_Exercise description_
Across the listing below, count the lines holding "with". State the number and nothing more.

_Data section_
------------
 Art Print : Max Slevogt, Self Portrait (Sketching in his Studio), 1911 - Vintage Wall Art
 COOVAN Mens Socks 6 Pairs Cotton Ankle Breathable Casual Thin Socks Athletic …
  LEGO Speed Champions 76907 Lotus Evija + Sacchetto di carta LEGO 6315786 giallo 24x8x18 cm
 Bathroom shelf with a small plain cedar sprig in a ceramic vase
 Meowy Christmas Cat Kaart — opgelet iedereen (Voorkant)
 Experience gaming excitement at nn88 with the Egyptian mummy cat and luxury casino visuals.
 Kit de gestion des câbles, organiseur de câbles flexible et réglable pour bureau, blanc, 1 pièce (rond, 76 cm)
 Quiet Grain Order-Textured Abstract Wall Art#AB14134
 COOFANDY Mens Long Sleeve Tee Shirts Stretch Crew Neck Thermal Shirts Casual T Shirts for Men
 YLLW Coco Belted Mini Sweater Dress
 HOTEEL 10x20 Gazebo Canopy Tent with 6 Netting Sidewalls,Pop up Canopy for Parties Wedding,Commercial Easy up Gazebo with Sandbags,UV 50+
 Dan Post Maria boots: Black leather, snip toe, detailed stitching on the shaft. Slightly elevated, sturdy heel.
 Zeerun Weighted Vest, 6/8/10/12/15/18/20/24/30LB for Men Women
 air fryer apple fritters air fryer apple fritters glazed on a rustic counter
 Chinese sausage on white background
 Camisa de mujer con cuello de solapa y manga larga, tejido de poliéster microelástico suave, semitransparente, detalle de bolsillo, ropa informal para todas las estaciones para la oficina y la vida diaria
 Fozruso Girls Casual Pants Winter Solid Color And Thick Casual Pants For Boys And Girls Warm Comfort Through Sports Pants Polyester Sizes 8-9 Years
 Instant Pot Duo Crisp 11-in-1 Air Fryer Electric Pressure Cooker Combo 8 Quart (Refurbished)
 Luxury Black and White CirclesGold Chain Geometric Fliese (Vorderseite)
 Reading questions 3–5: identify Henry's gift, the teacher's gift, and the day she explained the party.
------------
_Response_
3